Here come the judges, again Miss them the first time around? Meet the seven antiabortion, anti-gay, pro-industry Bush nominees who could rise from the ashes of the filibuster.
- - - - - - - - - - - - By Dan Noyes and Andy Isaacson
May 20, 2005 | Prepare for the not-so-magnificent seven. With Republicans poised to pull the trigger on the nuclear option, President Bush's right-wing nominees ride again.
Their return -- all were blocked in the Senate their first time around -- is propelling the government into a crisis, as they prepare to take seats in federal appeals courts, the second highest position in the judicial branch of government, beneath only the authority of the U.S. Supreme Court. Democrats oppose them for their extreme judicial and political philosophy, what they consider a conservative version of "judicial activism."
An assessment of the nominees' records suggests that all consider government regulation a central problem, while they view private enterprise and property a bedrock constitutional right.

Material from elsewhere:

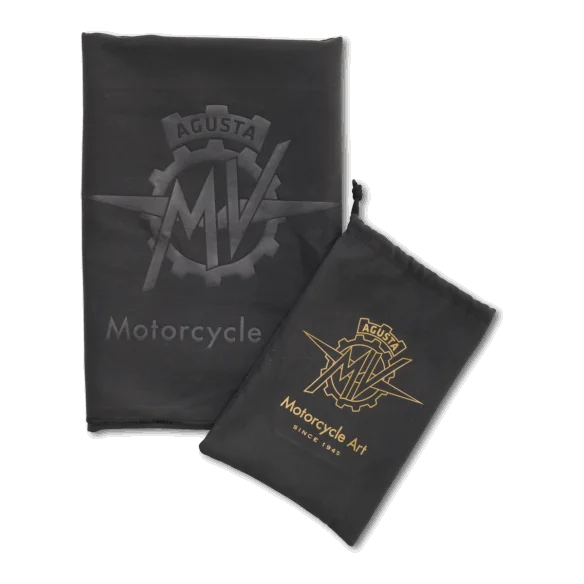 MV AGUSTA MICROFIBRE TOWEL BLACK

These nominees are the most visible examples of a judicial nomination trend that the Center for Investigative Reporting discovered in examining all appeals court and court of federal claims nominees during George W. Bush's first term as president.

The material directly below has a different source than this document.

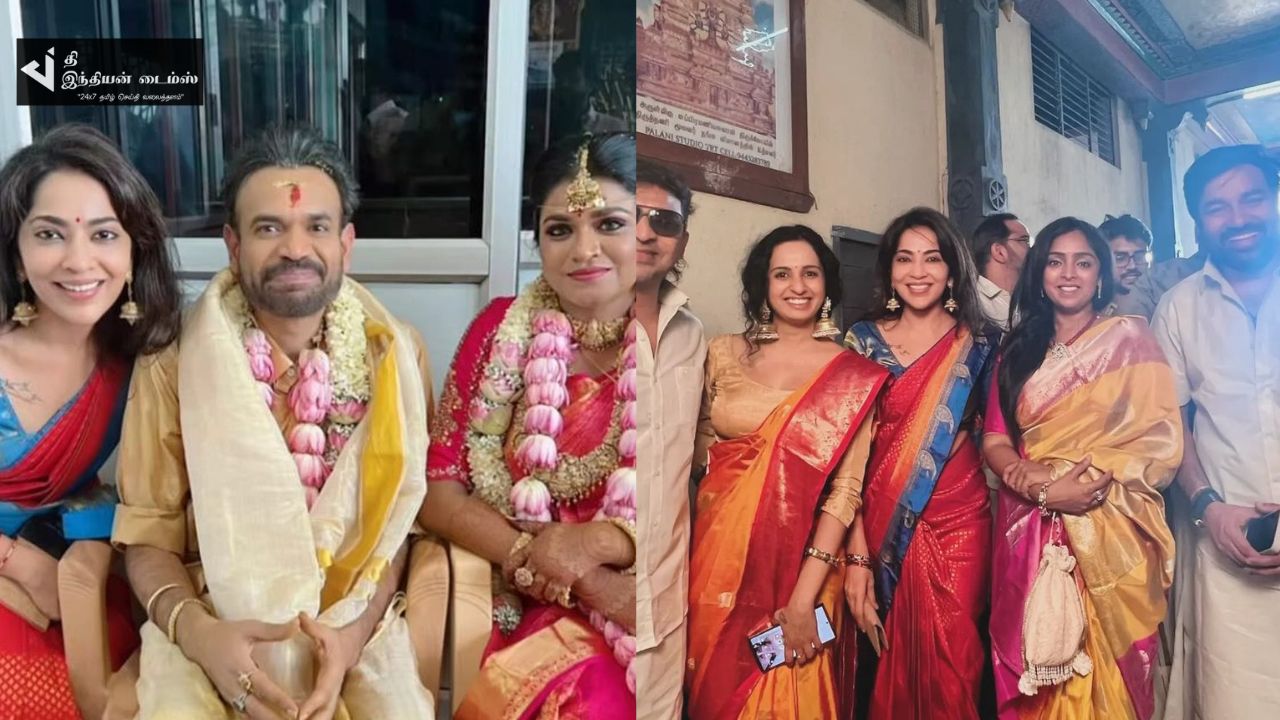 நடிகர் பிரேம்ஜி திருமணத்திற்கு வந்த பிரபலங்கள்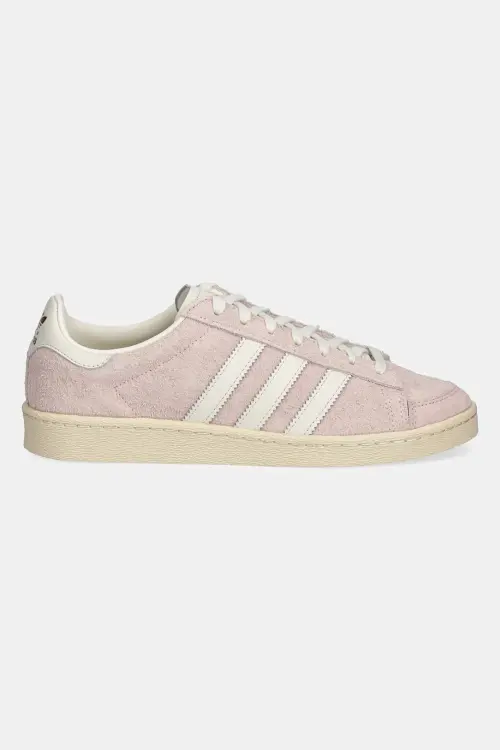 Замшевые кроссовки adidas Originals Jabbar Lo цвет розовый JS0806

In the CIR study, 21 of 59 had a history of working as lawyers and lobbyists on behalf of the oil, gas and energy industries. This trend concerns legal scholars, who fear that long-term industry ties may raise questions about the judges' ability to be fair and objective. Rutgers University School of Law professor Jay Feinman told CIR, "Increasingly you will have federal courts with a pro-industry and anti-government perspective."
Some of the nominees' judicial philosophies were shaped while in the service of corporate clients (Owen, Saad, Pryor, McKeague and Myers), and some while working closely with the Republican Party (Pryor, Saad, Brown, McKeague and Myers). Democratic opponents see them potentially eroding public power and expanding private reach, while heartening the religious right on key issues such as abortion.

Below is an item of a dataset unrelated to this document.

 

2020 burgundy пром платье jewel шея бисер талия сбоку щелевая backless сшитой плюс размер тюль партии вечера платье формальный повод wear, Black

At stake is no less than Republican domination of all three branches of government -- not only to recast laws, but to extend their impact long after President Bush has left office, and undo a generation of legal precedents. Here's a look at the extremist credentials they would bring to the bench.
William H. Pryor Jr., nominated to the 11th Circuit Court of Appeals
He argued that civil rights for same-sex couples would logically extend to activities like necrophilia and bestiality.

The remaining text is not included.